Did you pray when you were in the camps?

A little bit. I had about three lines I kept on saying often.
What were the lines?

How do I explain that, in Hebrew. Well the first one is part of the daily prayer. Sh'ma Israel, you know what I'm talking about. It's "Hear O' God, you are the one and only," all abbreviated. The other line I used to say a lot in the camps, it's part of the morning prayer – the end of the morning prayer. "I believe in God," it's hard for me to translate it for a moment, I have to think this out.
Say it in Hebrew
I'm trying to translate it. I understand it better without a translation. "There is no God but you and I believe in you." That's a very crude translation but it has to do with wanting to believe in God.
Say it in Hebrew.
I pray it in Hebrew, yes, not in English.
Can you say it in Hebrew?
You want me to? Adonai le vlow iru, bane biruruchi g'biyusi, Adonai levlow yiru. Look in the prayer book, I can show it to you.

Then I said the first sentence of one of those prayers. It's just that my mother used to tell me that once. I do it because – everybody says something different maybe – but it gets me enough feeling that I talk to God and thank Him, I thank Him a lot because I believe that without a God – if you don't believe in God there's something missing in your life because you have to have something to believe in. It's nice to believe in good health and a good bottle of wine, but that's not important. But you got to believe that there is a God. In any religion, I'm not talking about Jewish religion, I'm talking about any religion. It's important. I tell it in the classes when I talk to a big class of kids. It can't hurt, let's put it that way.

Lucille p. 10

In the ghettos and the camps, did you have religious practices? Did you keep up with any of that? did you know anybody who did?

No. I knew somebody who did, some very Orthodox - ultra Orthodox - Jews. I did not. As Ellie Weisel was quoted as saying, and I think it was his first book, "After Auschwitz there is no religion." And he only was in a camp for six months. From May to January. So, that should tell you a lot.

So did you lose all faith in continuation of your life, in a sense?

I don't think there was much faith to lose but if there was any hope for anything, at that point, it was gone.

Lucille p. 13

How did the war affect your faith?

That's difficult to answer. I was brought up an Orthodox Jew. I can read and write Hebrew. I could speak when I was younger. I can translate Hebrew. My great-grandfather was a Rabbi. My grandmother wore a wig. How did it affect me? I'm not the person that I was before. Because my question is, why did this happen? Why did this happen to the children? And nobody has been able to answer this.
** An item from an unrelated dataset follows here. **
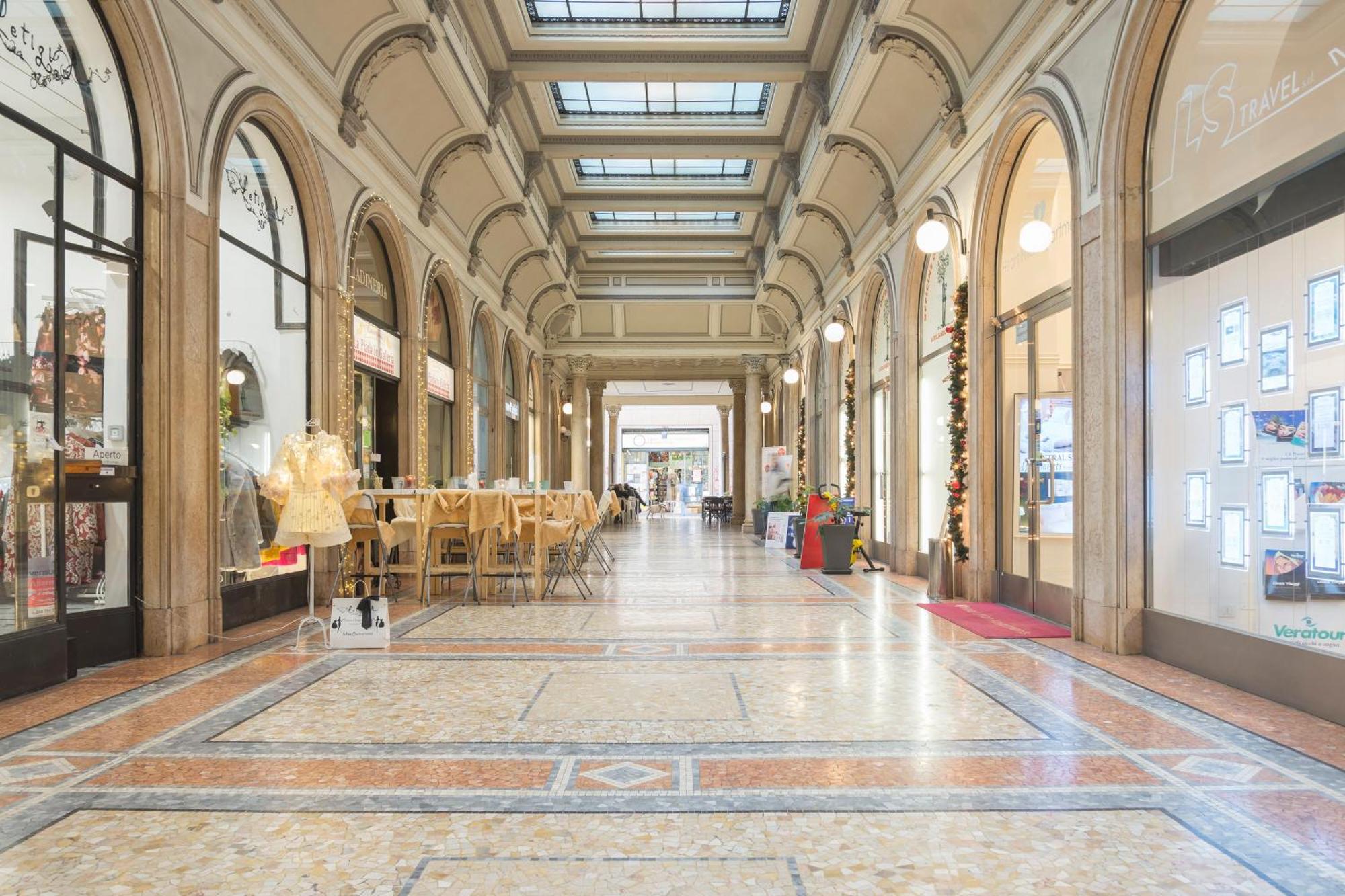 Heart Milan Apartments Duomo Missori Exterior photo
As you were enduring all of this, did you at ever point wish that you weren't Jewish?

No, that was really useless. You are what you are, and there were people that were baptized, there were people that claimed not to have been Jewish, it didn't make a difference. It never really entered my mind.

How about any of your family or friends, did you ever hear anybody utter anything like that?

Yes, those who either had a Jewish mother, or Jewish father, they were very resentful. I have a friend in Petaluma, who has a big Auschwitz number, and I don't know who was Jewish in the family. I know that his aunt and uncle were Jewish because I knew them, and he is very resentful to this day: "I never was Jewish, I never knew anything about it, and I’m not a full Jew on both sides of the family," and it's a topic I find difficult to discuss with him.

Max p. 16

Do you have more faith in the religion now? Are you more religious now after what you've been through or less or the same?

I don't believe in any organized religion. Whether it's Jewish or non-Jewish, Catholic, Shiite, Sunni, or whatever. If it's organized, I don't want to have any part of it. I believe but I don't believe religiously.